それを考えると、今大会は、私を含む多くの日本人とって、単に自国開催との理由からだけではなく、非常に大きいものだったと言えるのではなかろうか。
ただ、遺憾な点が一つある。
といっても競技に直接関係したことではなく、例によって例の如くマスコミによって随所に撒き散らされた、「感動を水増ししてやろう」という要らぬお節介・余計なお世話がそれだ。
実施中の競技が数多あるのをそっちのけで延々と続けられるおしゃべり、時を選ばず行われる薄っぺらい声でのヘッタクソなインタビュー、選手が感極まって流す涙に対する「待ってました!」とばかりのズーム……
こんな余計な添加物に煩わされることなく観戦したいと思うのは、決して私だけではないはずだ。
弁天様の御姿にも、蠅がたかれば、お鬱陶しい――(泉鏡花「草迷宮」より)
ここは別荘地で、定住者はさほど多くない。
それゆえ、普段は人の姿もほとんどないのだけれど、夏場は流石に、前に車の止まっている建物が散見される。
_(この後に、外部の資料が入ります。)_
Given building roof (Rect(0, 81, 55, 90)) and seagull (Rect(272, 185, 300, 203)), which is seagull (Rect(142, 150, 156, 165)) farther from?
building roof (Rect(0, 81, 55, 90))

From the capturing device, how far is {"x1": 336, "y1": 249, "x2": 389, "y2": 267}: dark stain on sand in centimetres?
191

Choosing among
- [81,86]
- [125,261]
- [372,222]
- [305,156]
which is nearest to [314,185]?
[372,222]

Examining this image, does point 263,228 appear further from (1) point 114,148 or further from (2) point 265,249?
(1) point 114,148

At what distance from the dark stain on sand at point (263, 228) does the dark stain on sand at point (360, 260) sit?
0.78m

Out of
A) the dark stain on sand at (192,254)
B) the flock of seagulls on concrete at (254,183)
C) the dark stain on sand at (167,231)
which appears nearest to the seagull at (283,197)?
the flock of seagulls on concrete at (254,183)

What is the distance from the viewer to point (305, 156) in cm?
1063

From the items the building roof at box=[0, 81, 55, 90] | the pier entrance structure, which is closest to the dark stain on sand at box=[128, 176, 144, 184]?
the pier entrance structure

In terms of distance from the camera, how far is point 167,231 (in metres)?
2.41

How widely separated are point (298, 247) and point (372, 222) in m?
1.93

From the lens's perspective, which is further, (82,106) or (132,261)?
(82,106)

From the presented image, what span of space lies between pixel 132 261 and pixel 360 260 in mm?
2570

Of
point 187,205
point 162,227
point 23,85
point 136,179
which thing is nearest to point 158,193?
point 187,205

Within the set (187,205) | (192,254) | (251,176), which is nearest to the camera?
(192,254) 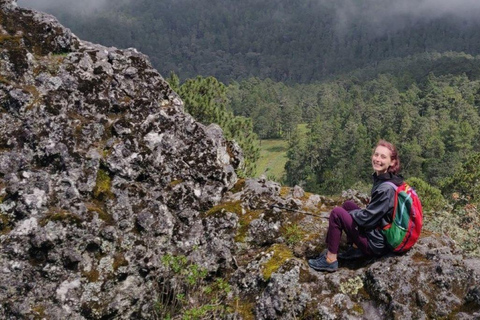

特に去年今年は、人の少ない所に身を置きたいとの思いからであろう、その数が多かったが、この夏二度目の長雨の漸く上がった今日の午後、久しぶりに外を歩いたところ、ほとんどが既に街へ去ったらしく、辺りは例年の9月らしい、陽の光や木々に秋の色の交じり始めた静かな風景に戻っていた。
これを目にすると、いつものことながら、山の上に恰も取り残されたような一抹の寂しさを覚える。
が、同時に、そこはかとない幸福感も、また胸に湧く。